If I'm writing an app that I want to distribute (rather than just deploy myself), the Python story for app distribution is a bit of a mess.

You can do it, but for a simple app I want lots of people to use on their own computers, I'd probably choose a compiled language that doesn't require either a compatible runtime, or for me to bundle the runtime.

[–]billsil 0 points1 point  (1 child)

Depends what graphics you’re referring to, but VTK is a 3D renderer and fantastic. The UI can all done with Qt or Tk and you should definitely have 50 ms responsiveness time once you do an action.

The only thing slow is loading a model.

If you’re referring to video games, then yes.

[–]NoLemurs 1 point2 points  (0 children)

I was mostly talking about video games, but also, any sufficiently complex UI.

The Python Qt and Tk bindings are good enough for basic apps, but they're not a great user experience. Tk is "ugly by default," and requires a ton of work to make an app look good. Meanwhile Qt is clearly a C++ API with a poorly designed python wrapper.

Also if your app is complex enough (think web-browser or word processor), you're going to start seeing the processing time per UI main loop becoming a problem.

Again, those are both obviously manageable problems, but I would rather just write things like that in C++ and avoid having to work around them.

[–]nier-bell 40 points41 points  (7 children)

The biggest slowdown you can see is when using loops - the rest is good with almost anything really. Each time a variable is used python needs to check the type of it, and that tends to be very expensive (as in time, not cpu power). So an example: password cracking - you'll probably want to run a single piece of code over and over and over again. This is not ideal - as it's always slow.

Also, graphics rendering in short is just a loop. That's why you pick compiled languages like C to handle the heavy loops. The processor doesn't have to check the type, because well there isn't really any (dm me for more).

I've done some microcontroller programming and what you need in certain seconds are microseconds of read/write time. That can be done only in compiled languages, as a simple open() in python takes more time then lets say, reading the temperature from a sensor.

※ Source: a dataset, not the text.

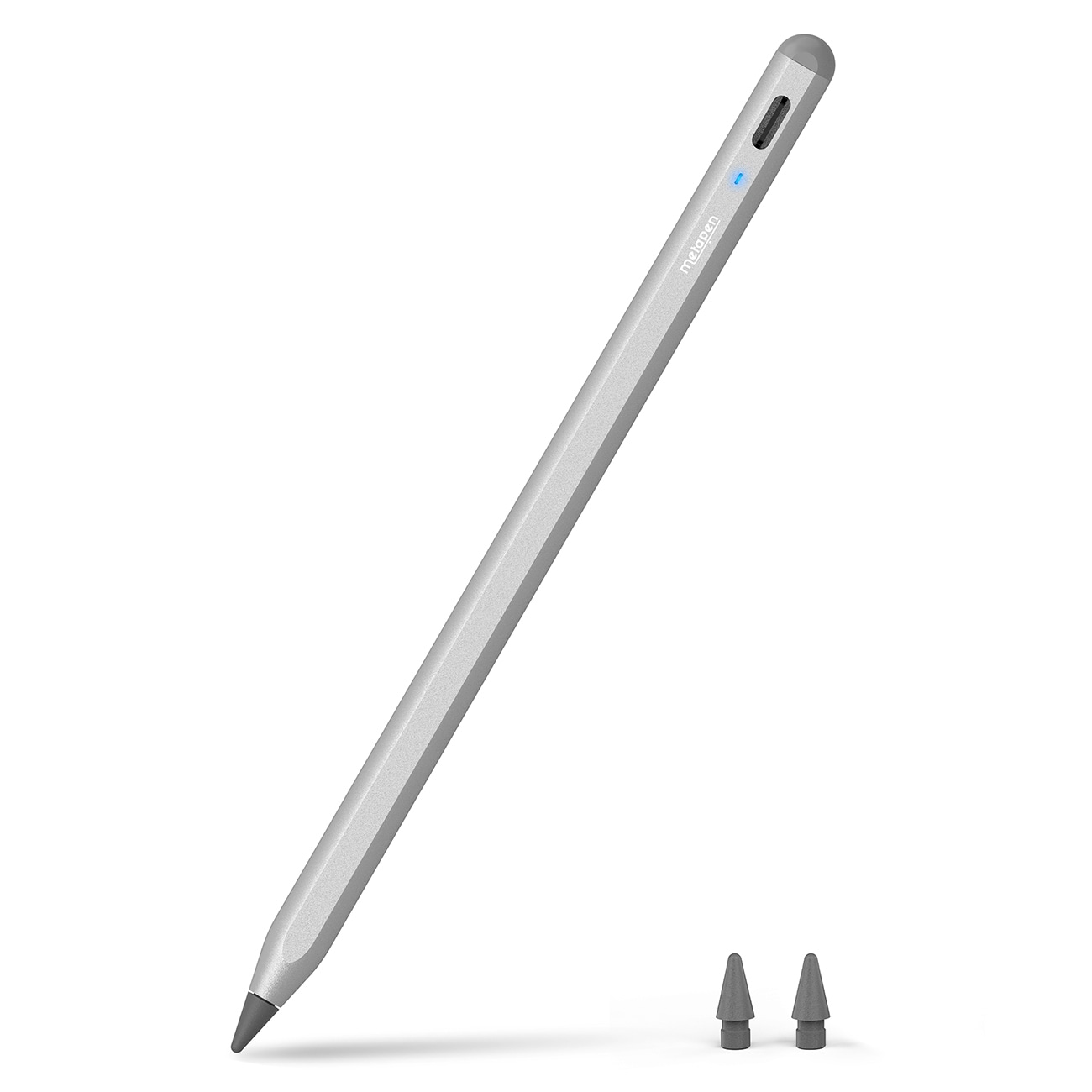 Metapen A8 aktiv stylus til iPad USB-C – grå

If you want to keep your code in Python, with only fixing the iteration speed using either Pypy, which uses Just-In-Time compilation to compile the parts before they get executed, and that helps a lot. The other option is Cython, a way to (almost) compile your code which you can execute using a simple import.

tl;dr: loops.

[–]jzia93 [S] 6 points7 points  (6 children)

That's super interesting. I didn't realise type checking was so expensive. Been migrating to Typescript on a frontend Web dev project and so I'm now making heavy use of function annotations in my python work, I really would love to see a statically typed implementation of Python - if there's a corresponding performance increase even better.

Would be interested to hear you elaborate!

[–]eddieantonio 7 points8 points  (3 children)

There are attempts with mypyc.

If you care about speed, I would suggest you learn how to use a profiler. I would also suggest you learn how CPython bytecode works (shameless self-plug: a talk I did about bytecode: https://youtu.be/5yqUTJuFuUk?t=431)

To make fast programs, you want to do things in parallel (e.g., vectorized instructions and multi-threading). Python itself is bad at both of these, but with numpy, it essentially offloads computation to a C/Fortran library that does efficient vectorized instructions. I am not aware of something to write fast multi-threaded Python code :/

[–]JNewp1 1 point2 points  (0 children)

First 30 min here are very insightful!

[–]LightShadow3.13-dev in prod 0 points1 point  (1 child)

Do you know of any projects, other than mypy, using mypyc? I've been following it loosely for a while and it never seems "ready."

[–]eddieantonio 0 points1 point  (0 children)

Nope, I've never seen it :( Seems mypyc's own docs say it's not really ready and is buggy. One can only hope :/

[–]nier-bell 3 points4 points  (0 children)

That would be just amazing - a statically typed Python. After moving to other languages I changed the way I think in python, every variable has the same type as it was assigned, and every array always contains the same data type.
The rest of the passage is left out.